─── Provided information
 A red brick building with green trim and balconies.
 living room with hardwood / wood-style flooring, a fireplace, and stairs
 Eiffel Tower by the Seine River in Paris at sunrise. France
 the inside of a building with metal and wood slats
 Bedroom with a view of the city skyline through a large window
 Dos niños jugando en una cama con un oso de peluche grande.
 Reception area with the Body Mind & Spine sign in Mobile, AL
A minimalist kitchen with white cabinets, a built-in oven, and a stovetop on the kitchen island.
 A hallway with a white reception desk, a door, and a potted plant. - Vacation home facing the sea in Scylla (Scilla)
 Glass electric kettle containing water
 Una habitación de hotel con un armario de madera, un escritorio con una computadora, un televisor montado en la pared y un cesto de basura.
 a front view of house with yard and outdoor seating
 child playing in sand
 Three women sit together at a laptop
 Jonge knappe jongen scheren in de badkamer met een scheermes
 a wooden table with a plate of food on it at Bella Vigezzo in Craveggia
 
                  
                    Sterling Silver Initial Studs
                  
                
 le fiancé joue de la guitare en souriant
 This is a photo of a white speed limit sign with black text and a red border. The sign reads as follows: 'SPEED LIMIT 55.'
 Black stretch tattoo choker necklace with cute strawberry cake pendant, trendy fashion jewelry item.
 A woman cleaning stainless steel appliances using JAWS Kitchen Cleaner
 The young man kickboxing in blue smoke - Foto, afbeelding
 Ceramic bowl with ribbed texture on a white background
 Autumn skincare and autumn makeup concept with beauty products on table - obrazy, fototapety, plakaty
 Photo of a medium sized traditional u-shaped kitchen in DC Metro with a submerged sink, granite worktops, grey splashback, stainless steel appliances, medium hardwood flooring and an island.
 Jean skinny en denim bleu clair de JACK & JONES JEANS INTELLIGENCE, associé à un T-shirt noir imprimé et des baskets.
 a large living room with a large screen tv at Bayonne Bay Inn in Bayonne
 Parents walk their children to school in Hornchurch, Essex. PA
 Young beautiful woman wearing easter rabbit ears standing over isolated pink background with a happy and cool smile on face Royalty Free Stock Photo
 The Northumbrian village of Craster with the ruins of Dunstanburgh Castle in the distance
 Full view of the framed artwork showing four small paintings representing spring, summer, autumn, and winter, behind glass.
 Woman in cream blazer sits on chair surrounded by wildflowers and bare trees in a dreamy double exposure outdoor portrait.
──────
**Action item**
The records above should be given again in full, exactly as written.

**Task solution**
 A red brick building with green trim and balconies.
 living room with hardwood / wood-style flooring, a fireplace, and stairs
 Eiffel Tower by the Seine River in Paris at sunrise. France
 the inside of a building with metal and wood slats
 Bedroom with a view of the city skyline through a large window
 Dos niños jugando en una cama con un oso de peluche grande.
 Reception area with the Body Mind & Spine sign in Mobile, AL
A minimalist kitchen with white cabinets, a built-in oven, and a stovetop on the kitchen island.
 A hallway with a white reception desk, a door, and a potted plant. - Vacation home facing the sea in Scylla (Scilla)
 Glass electric kettle containing water
 Una habitación de hotel con un armario de madera, un escritorio con una computadora, un televisor montado en la pared y un cesto de basura.
 a front view of house with yard and outdoor seating
 child playing in sand
 Three women sit together at a laptop
 Jonge knappe jongen scheren in de badkamer met een scheermes
 a wooden table with a plate of food on it at Bella Vigezzo in Craveggia
 
                  
                    Sterling Silver Initial Studs
                  
                
 le fiancé joue de la guitare en souriant
 This is a photo of a white speed limit sign with black text and a red border. The sign reads as follows: 'SPEED LIMIT 55.'
 Black stretch tattoo choker necklace with cute strawberry cake pendant, trendy fashion jewelry item.
 A woman cleaning stainless steel appliances using JAWS Kitchen Cleaner
 The young man kickboxing in blue smoke - Foto, afbeelding
 Ceramic bowl with ribbed texture on a white background
 Autumn skincare and autumn makeup concept with beauty products on table - obrazy, fototapety, plakaty
 Photo of a medium sized traditional u-shaped kitchen in DC Metro with a submerged sink, granite worktops, grey splashback, stainless steel appliances, medium hardwood flooring and an island.
 Jean skinny en denim bleu clair de JACK & JONES JEANS INTELLIGENCE, associé à un T-shirt noir imprimé et des baskets.
 a large living room with a large screen tv at Bayonne Bay Inn in Bayonne
 Parents walk their children to school in Hornchurch, Essex. PA
 Young beautiful woman wearing easter rabbit ears standing over isolated pink background with a happy and cool smile on face Royalty Free Stock Photo
 The Northumbrian village of Craster with the ruins of Dunstanburgh Castle in the distance
 Full view of the framed artwork showing four small paintings representing spring, summer, autumn, and winter, behind glass.
 Woman in cream blazer sits on chair surrounded by wildflowers and bare trees in a dreamy double exposure outdoor portrait.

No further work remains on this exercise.